According to our literature analysis, there are no data focused on spermatozoa emotional representations in childless men and data on the emotional repercussions of a diagnosis of infertility on men are still scarce. Thus, in this work, we investigated what the presence or absence of spermatozoa in the semen symbolize for men.

Material and methods

To answer this question, 441 childless heterosexual men participated in an anonymous, prospective, Internet-based survey.

Results

In response to the question “What would having a high or normal sperm count symbolize for you?” the most frequent answer was “ability to father a child”. Men living with a partner were significantly more likely than single men to answer “ability to father a child” (p < 0.05) and less likely to answer “virility” and/or “ability to have an erection/ejaculation” (p = 0.001). In response to the question “If you found out that you had a low sperm count or no spermatozoa at all, how would you feel?”, most of the men stated that they would be disappointed. Men living with a partner were more likely to state that they would feel ashamed (p < 0.05) or guilty with regard to their partner (p < 0.0001).

Conclusions

These preliminary results should help us to improve (i) the way that male infertility is announced (it is easier to find the right words if one understands the possible importance of having a high sperm count) and (ii) the psychological, marital and sexual counselling provided to men with a diagnosis of infertility.

Resume

Contexte

Dans la littérature, peu d'articles traitent du ressenti des hommes vis à vis de leurs spermatozoïdes.
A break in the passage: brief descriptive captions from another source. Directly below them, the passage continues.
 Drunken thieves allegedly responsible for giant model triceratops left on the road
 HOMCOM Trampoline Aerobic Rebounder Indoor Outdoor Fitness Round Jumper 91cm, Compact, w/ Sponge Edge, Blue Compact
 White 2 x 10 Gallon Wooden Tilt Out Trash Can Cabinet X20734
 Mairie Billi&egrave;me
Que signifie pour un homme “avoir ou non des spermatozoïdes”? Voilà la question que nous nous sommes posée.

Materiel et methodes

Pour y répondre nous avons élaboré un questionnaire qui a été rempli en ligne par 441 hommes hétérosexuels âgés de 18 à 45 ans et sans enfants.

Resultats

A la question, “que signifie pour vous avoir des spermatozoïdes?”, la majorité d’entre eux a répondu “être père”. Les hommes en couple ont statistiquement répondu plus fréquemment “être père” (p < 0.05) et significativement moins fréquemment “être un (vrai) homme”, “être viril”, “être capable d’avoir une érection/éjaculation” comparativement aux hommes célibataires (p = 0.001). A la question, “qu’ éprouveriez vous si on vous annonçait que vous n’aviez pas de spermatozoïdes ou moins que la normale?” la majorité d’entre eux à répondu “je serais déçu”. Les hommes en couples ont répondu significativement plus fréquemment qu’ils se sentiraient honteux (p < 0.05) ou coupables vis à vis de leur partenaire (p < 0.0001).

Conclusions

Ces résultats préliminaires doivent nous aider à mieux comprendre le ressenti des hommes vis à vis de leurs spermatozoïdes et nous aider, nous spécialistes de l’infertilité, à mieux annoncer des infertilités par azoospermie ou oligospermie en adoptant une démarche de conseil psychologique, sexuel et conjugal dans l’annonce de cette infertilité masculine. En effet “ne pas avoir un nombre élevé de spermatozoïdes et a fortiori ne pas en avoir du tout” peut avoir un impact négatif sur l’homme en termes d’humeur, de culpabilité et d’estime de soi.

Introduction

The spermatozoon was first visualized in 1687 by the Dutch scientist Antonie van Leuvenhoek, who initially considered it to be a parasite with no apparent function. The spermatozoon’s biological function has been since established but continues to be studied in greater detail. However, one can legitimately raise the following questions: what do spermatozoa mean to a man, and how do men feel about their spermatozoa? What does having a high or normal sperm count and conversely, what does having a low sperm count mean to men? To the best of our knowledge, there are no clear literature data on these questions in childless men who have never had a sperm analysis. Most literature studies have focused on the impact of infertility on women, and only a few have investigated the feelings of infertile men (for a review, see [1]). When we searched the PubMed database with the following search terms: “male infertility” and “psychological”: this research produced 1,064 journal articles published between September, 1954 and May, 2016. When we searched the PubMed database with the following search terms: “azoospermia” and “psychological”: this research produced “only” 49 journal articles published between February, 1965 and May, 2016. Among these studies, none answered to the questions we asked here.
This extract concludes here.